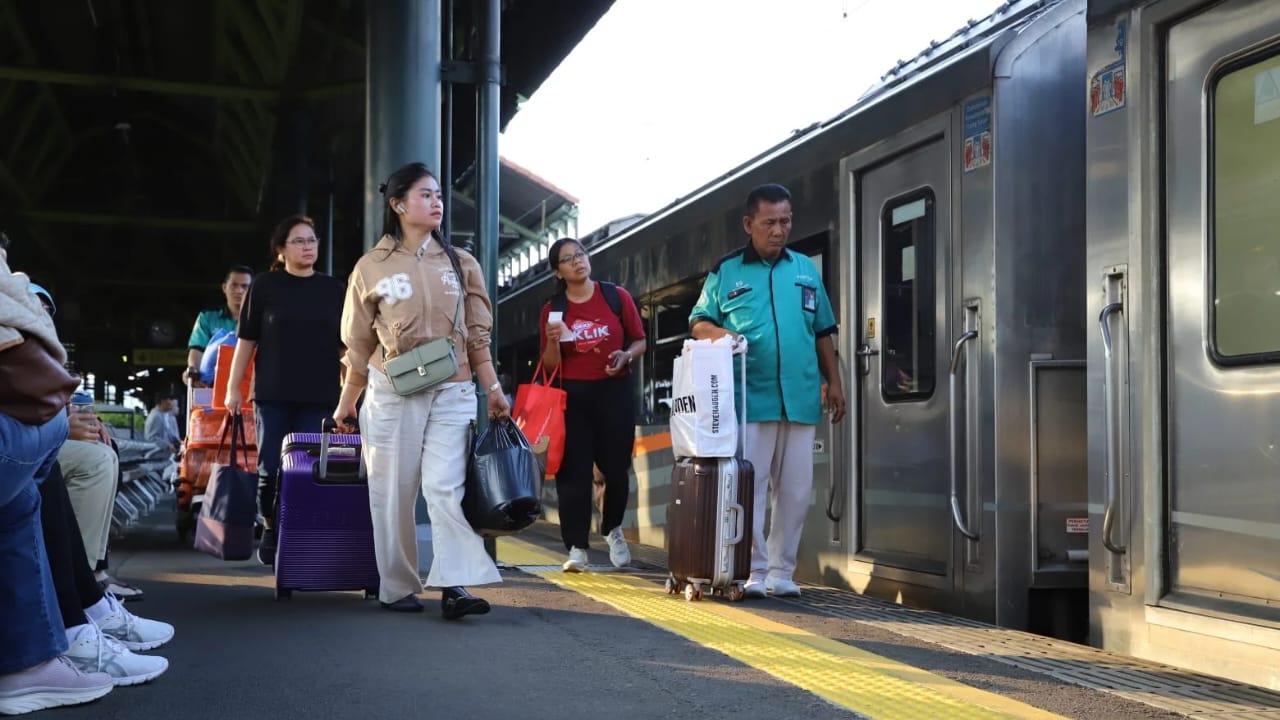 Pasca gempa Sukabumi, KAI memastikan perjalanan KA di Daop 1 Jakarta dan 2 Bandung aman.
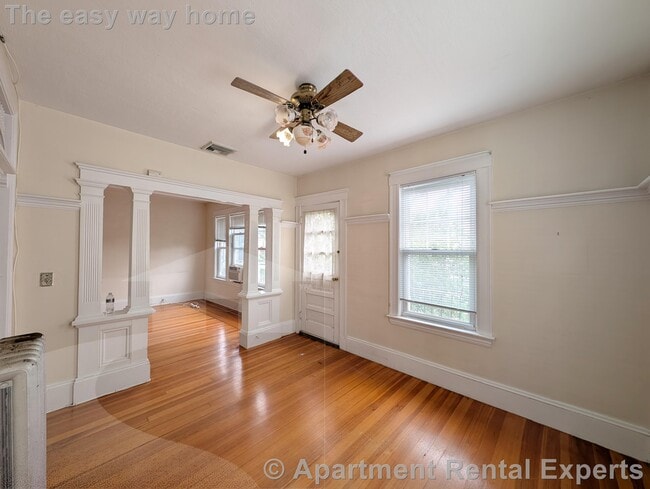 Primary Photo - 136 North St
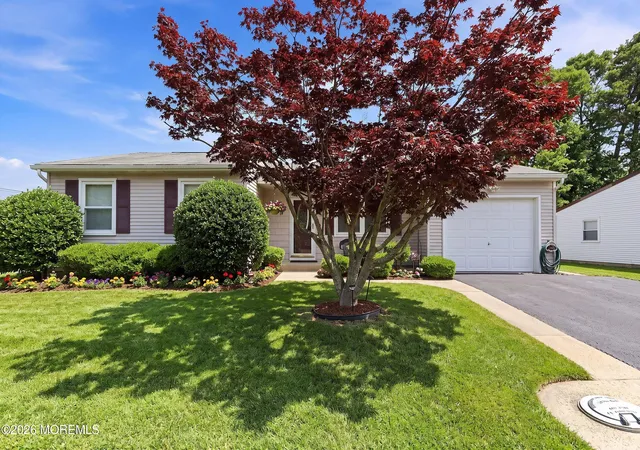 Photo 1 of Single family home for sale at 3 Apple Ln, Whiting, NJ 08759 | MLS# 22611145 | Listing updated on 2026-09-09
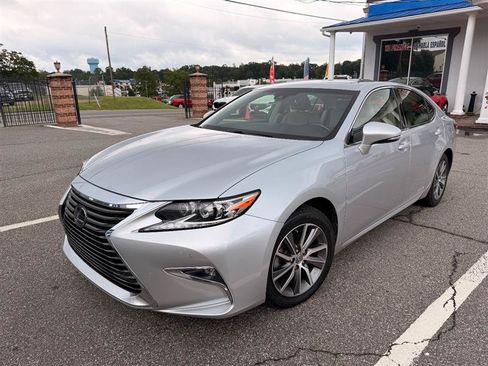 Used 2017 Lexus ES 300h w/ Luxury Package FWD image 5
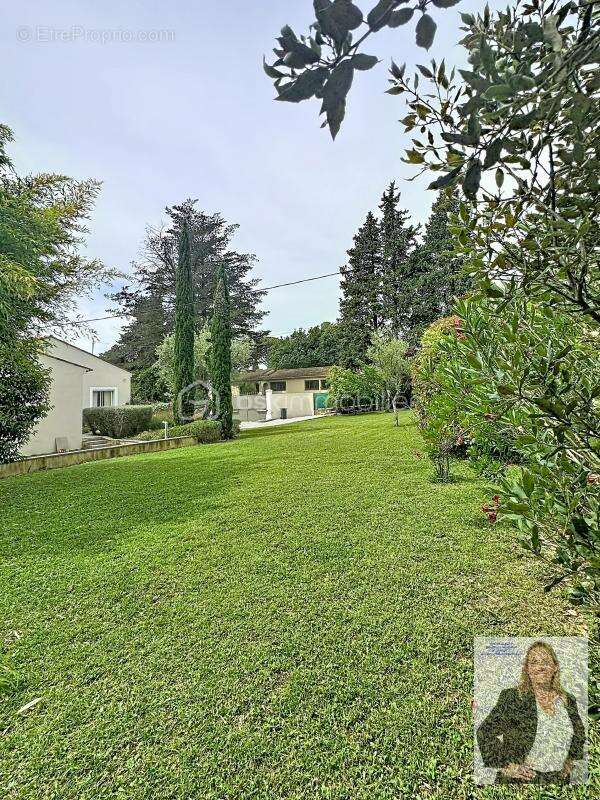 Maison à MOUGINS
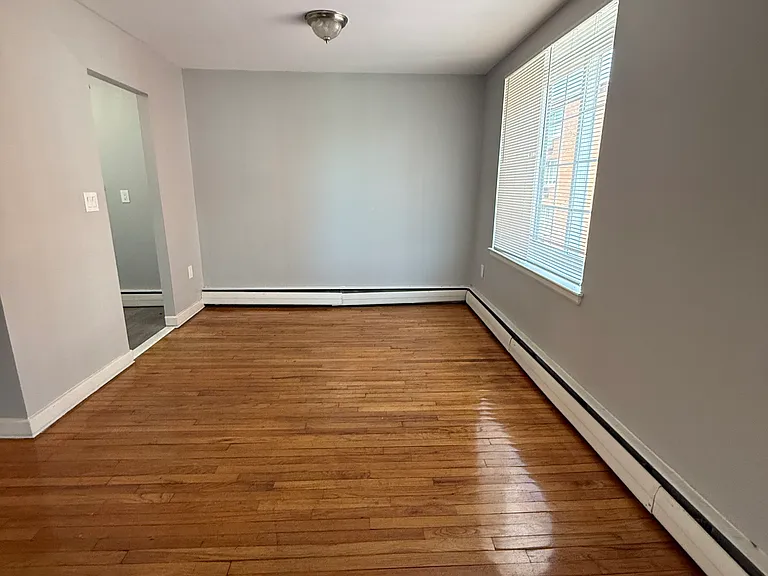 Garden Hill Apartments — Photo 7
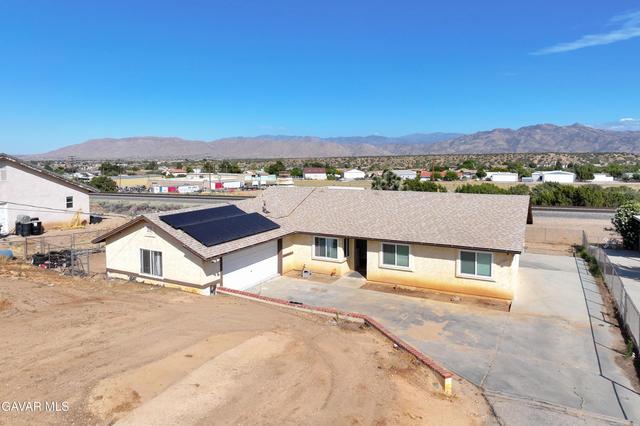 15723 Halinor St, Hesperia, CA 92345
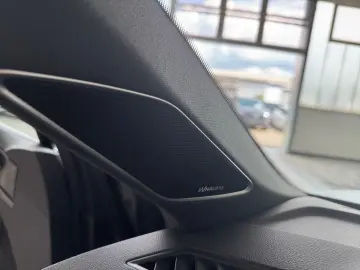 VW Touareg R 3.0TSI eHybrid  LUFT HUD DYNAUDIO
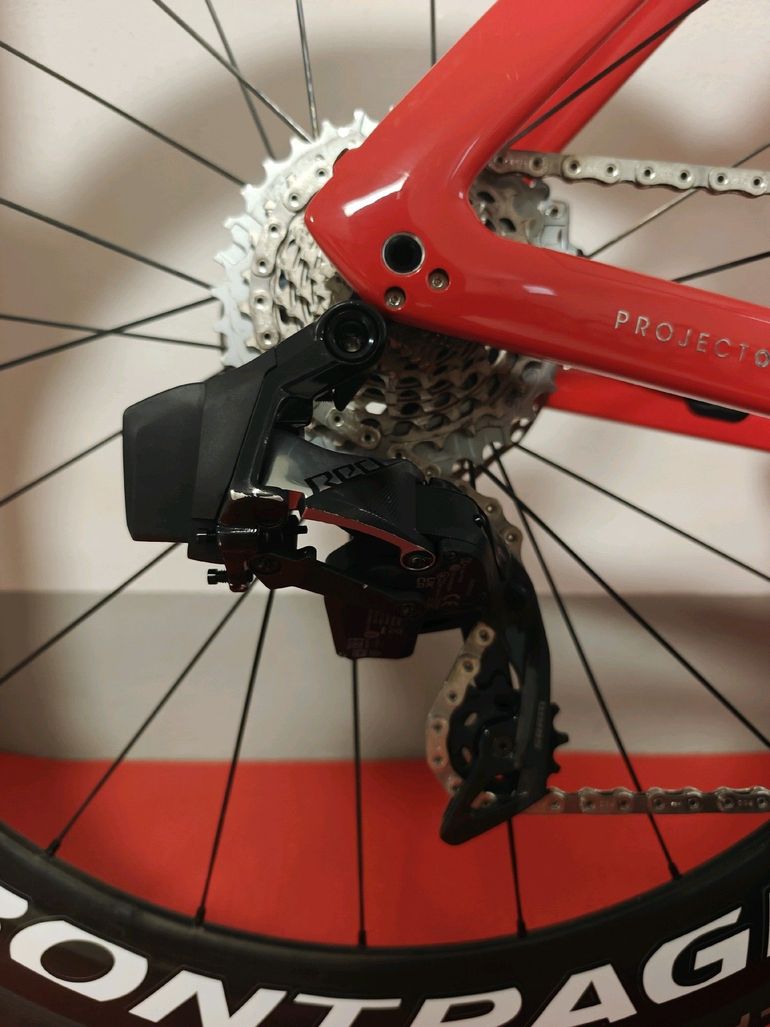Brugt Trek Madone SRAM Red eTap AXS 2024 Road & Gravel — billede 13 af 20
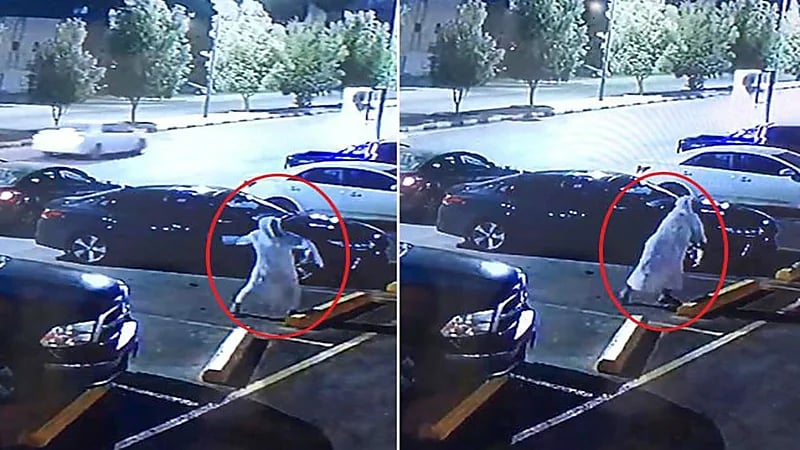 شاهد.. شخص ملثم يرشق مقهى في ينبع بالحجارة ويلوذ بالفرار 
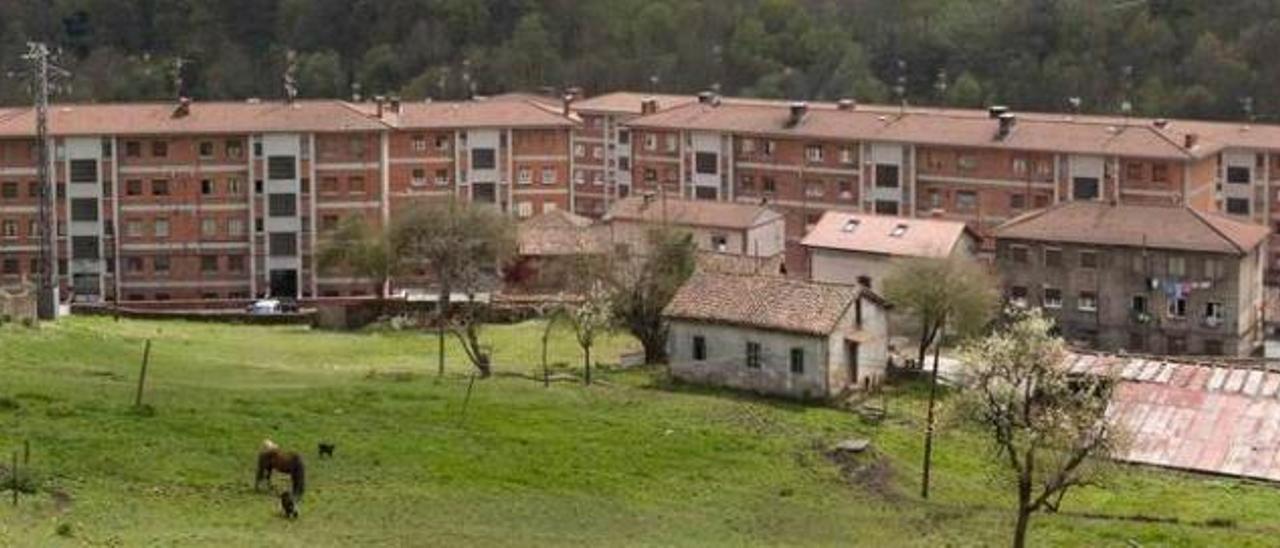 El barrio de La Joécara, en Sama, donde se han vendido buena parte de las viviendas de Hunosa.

§ **Work order**
Print all the material above exactly, and drop the images.

§ **Output of the exercise**
 Pasca gempa Sukabumi, KAI memastikan perjalanan KA di Daop 1 Jakarta dan 2 Bandung aman.
 Primary Photo - 136 North St
 Photo 1 of Single family home for sale at 3 Apple Ln, Whiting, NJ 08759 | MLS# 22611145 | Listing updated on 2026-09-09
 Used 2017 Lexus ES 300h w/ Luxury Package FWD image 5
 Maison à MOUGINS
 Garden Hill Apartments — Photo 7
 15723 Halinor St, Hesperia, CA 92345
 VW Touareg R 3.0TSI eHybrid  LUFT HUD DYNAUDIO
Brugt Trek Madone SRAM Red eTap AXS 2024 Road & Gravel — billede 13 af 20
 شاهد.. شخص ملثم يرشق مقهى في ينبع بالحجارة ويلوذ بالفرار 
 El barrio de La Joécara, en Sama, donde se han vendido buena parte de las viviendas de Hunosa.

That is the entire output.